MRtrix3 / mrtrix3

MRtrix3 provides a set of tools to perform various advanced diffusion MRI analyses, including constrained spherical deconvolution (CSD), probabilistic tractography, track-density imaging, and apparent fibre density
http://www.mrtrix.org
Mozilla Public License 2.0
291 stars 179 forks source link

Reduce generalization of `.type_various()` #2580

Open Lestropie opened 1 year ago

Lestropie commented 1 year ago

There are now a number of commands where the user's input for a particular argument could be interpreted by the command in multiple ways; eg. a transform could be a text file with an affine transformation or a warp image, or a set of directions on the unit hemisphere could come from a text file or an image header. To support these cases, we're added the ".type_various()" classification, such that any special handling within the command-line parsing is effectively bypassed. This will also appear in some cases where the command-line interface is exported to text.

What would be a more targeted solution is to allow each argument to receive multiple classifications. So eg. in the examples above, the argument would be classified as being compatible with either an input file or an input image, but not anything else. Any command-line interpretation cleverness would then be compatible with the user providing either of those cases. And exported command-line interface information would more faithfully communicate what is and is not permitted for that argument.

Not sure how much benefit could actually be gained from such---probably not much---but I wanted to document it in case it may be recognised as the solution to some issue.
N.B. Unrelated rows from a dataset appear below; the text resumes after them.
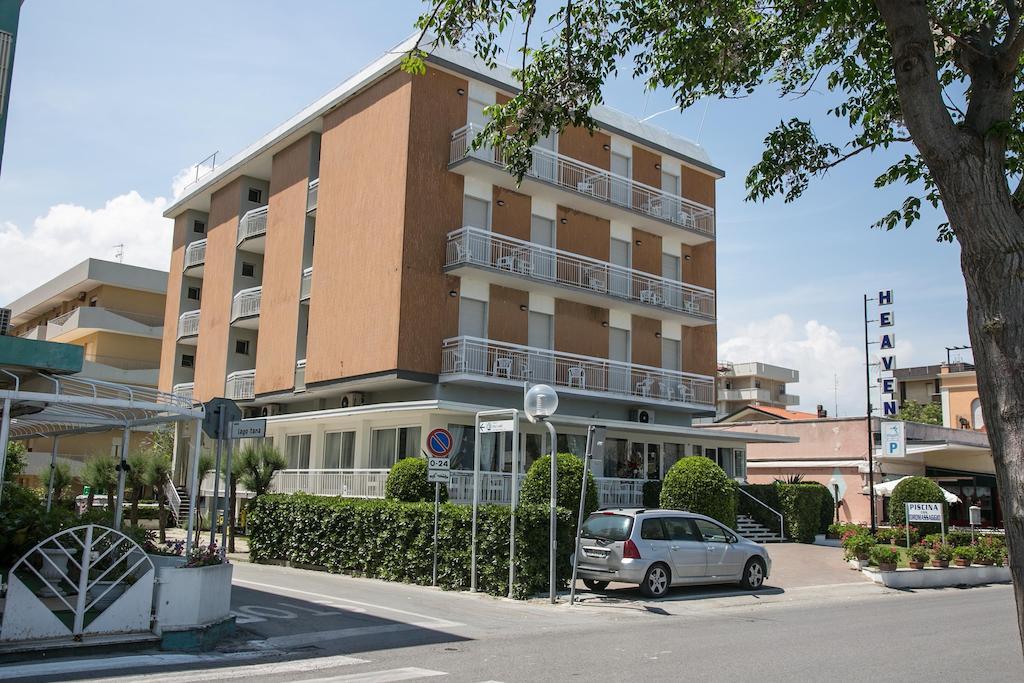 Heaven 3* Rimini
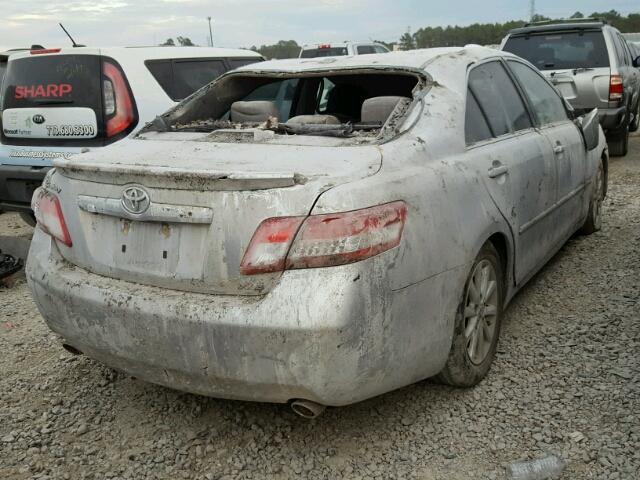 4T1BK3EK7AU598592 - 2010 TOYOTA CAMRY SE GRAY photo 4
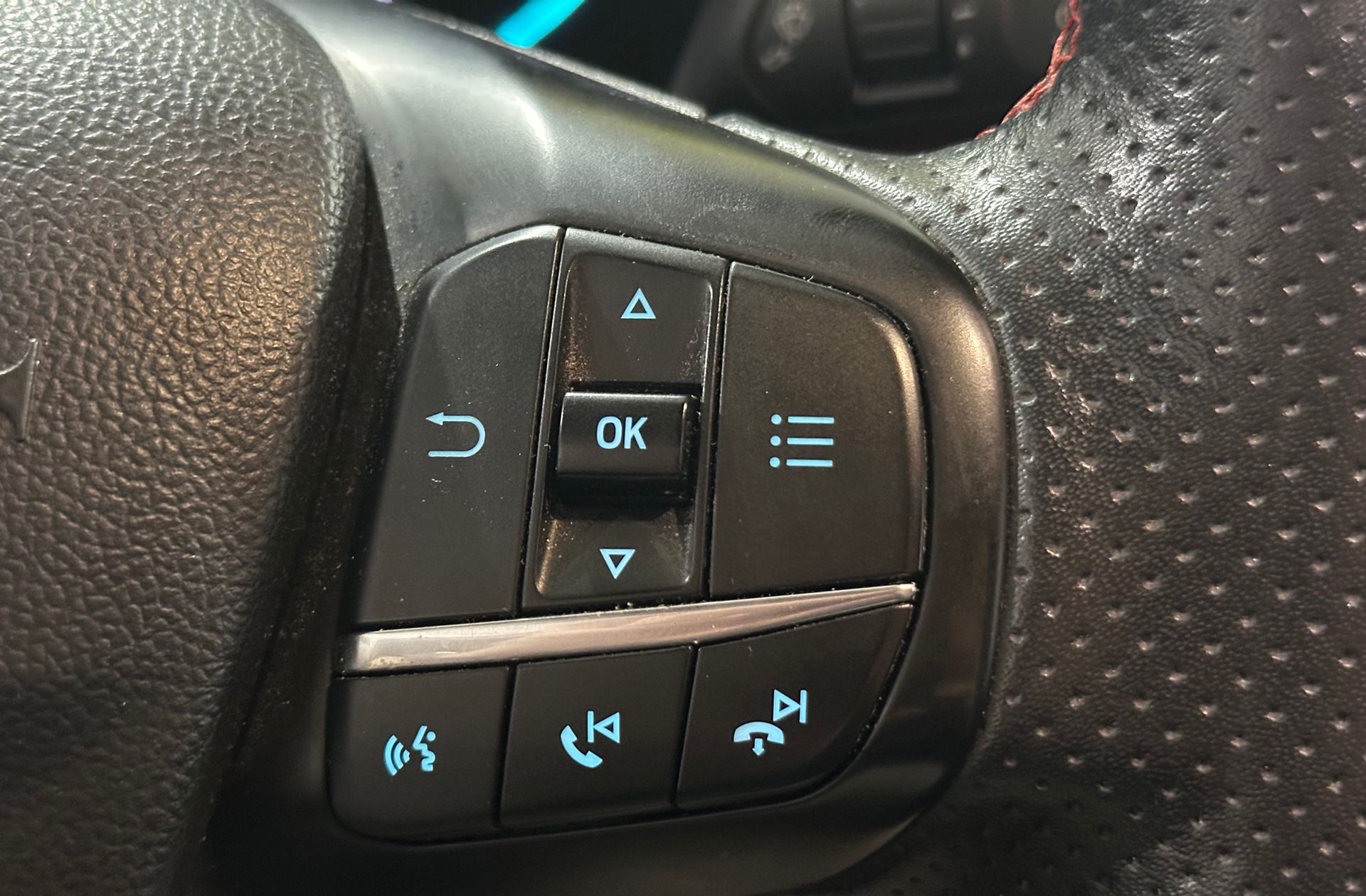 Ford Focus 1.0 EcoBoost ST-Line - foto 30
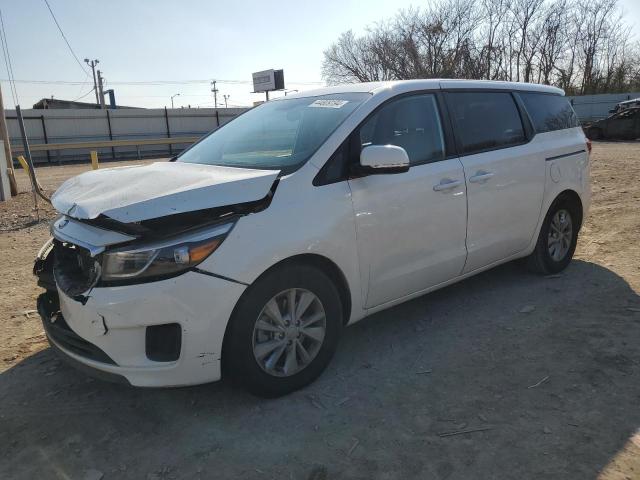 KNDMB5C15H6230865 - 2017 KIA SEDONA LX WHITE photo 1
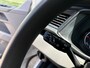 Volkswagen Transporter 2.0 TDI L2H1 150PK!|DSG Automaat|cruise control|airco|achteruitrijcamera|apple carplay|drie zitplaatsen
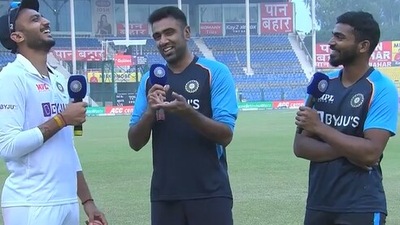 Ashwin in conversation with Axar Patel (Twitter grab/@BCCI)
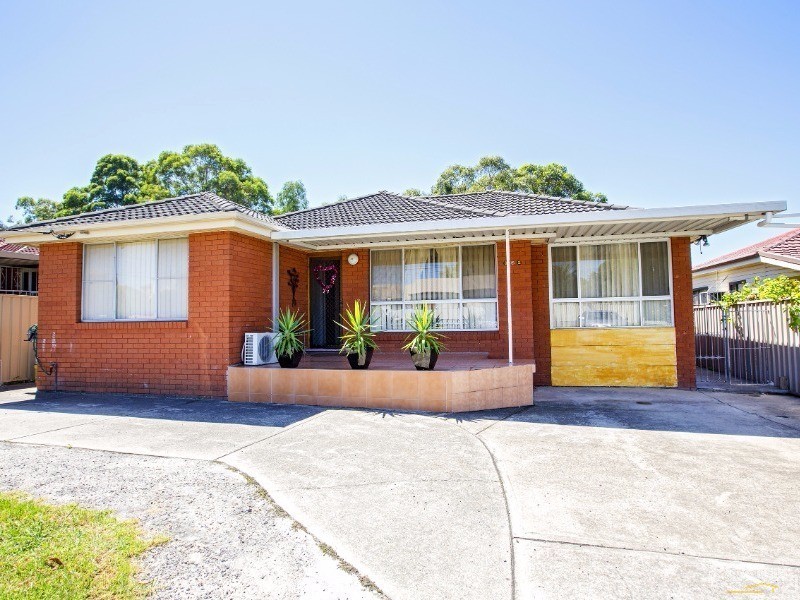 372 Polding Street, Smithfield NSW 2164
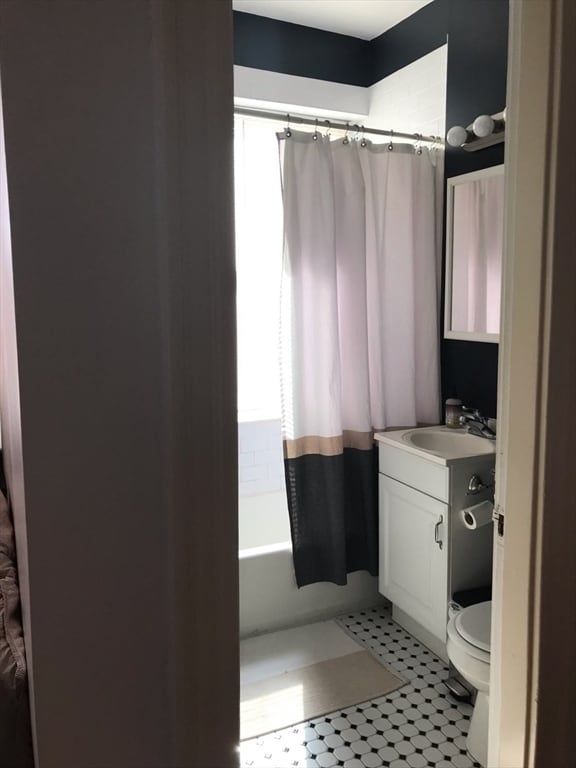 Building Photo - 85 Park Dr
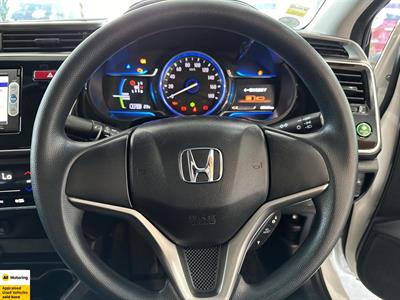 2015 Honda Grace - Thumbnail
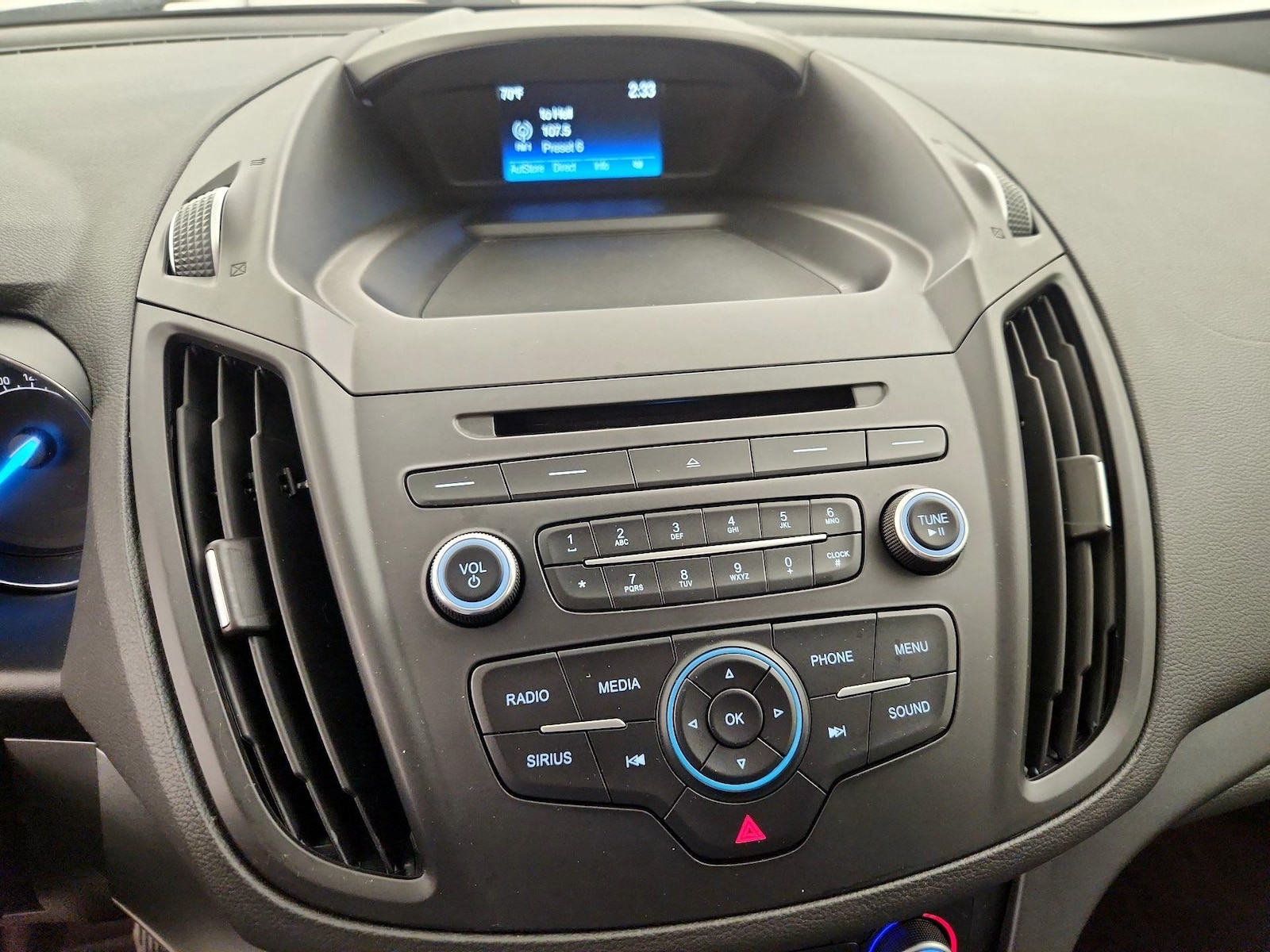 2018 Ford Escape SE - Photo 16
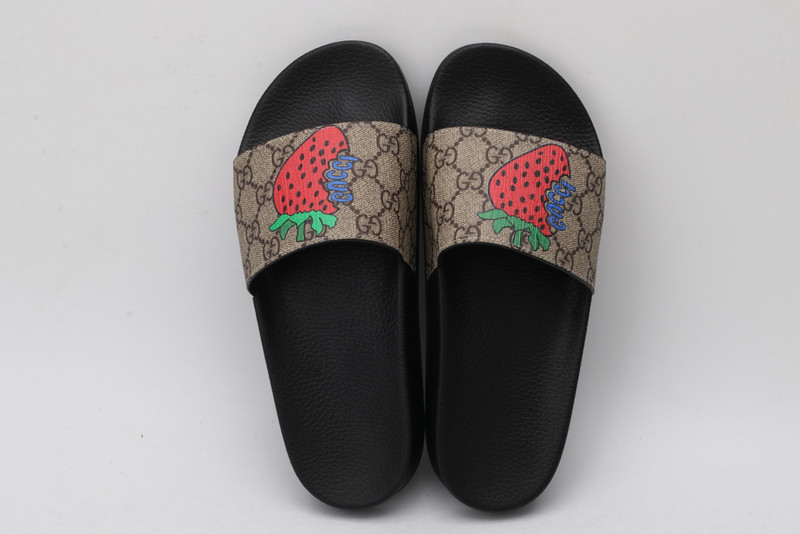 GUC LEATHER SLIDE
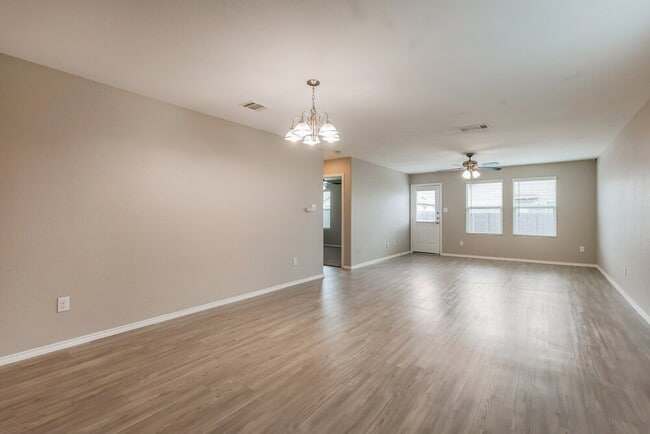 Building Photo - 10714 Giacconi Dr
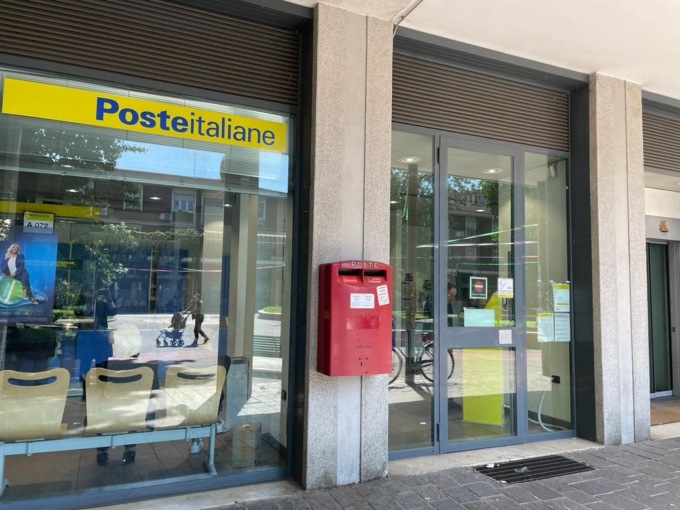 Al via l’appuntamento telefonico anche negli uffici postali di Varese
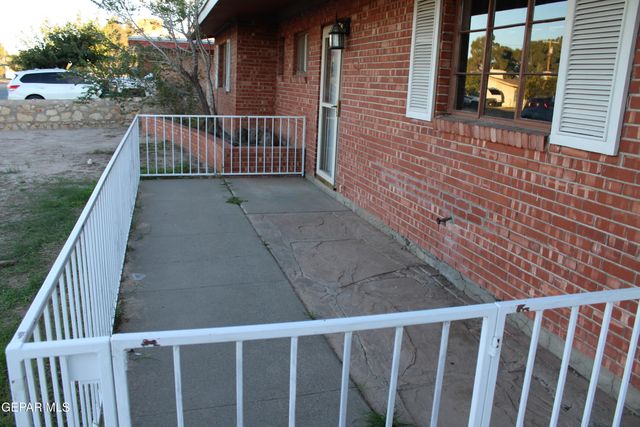 8350 LYNN HAVEN Avenue, El Paso, TX 79907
Lestropie commented 6 months ago

Another aspect that is probably closely enough related to this to warrant grouping them together rather than listing a separate Issue:

Currently, .type_choice() is treated as a distinct entry in the list of possible types, with the elements to choose from being a list of strings. This assumes that the only situation in which one might want to restrict the user to selecting one from a distinct set of possibilities is if that set of possibilities are of text form. Hypothetically, the presence or absence of a finite set of permissible inputs is not limited to arguments of text form. Instead, these current usages could be considered as both being of text form and having a finite set of permissible values. In conceiving of the operation in this way, arguments of type other than text could also have a finite set of permissible values, where the elements of that set have the same type as the argument. So eg. some integer input may not just be restricted to minimum and maximum values, but be forced to be one from some set of permissible integer values; but the type of that argument should still be integer, whereas currently achieving this using .type_choice() kind of forces them to be of text type, with subsequent explicit conversion to integer after command-line parsing.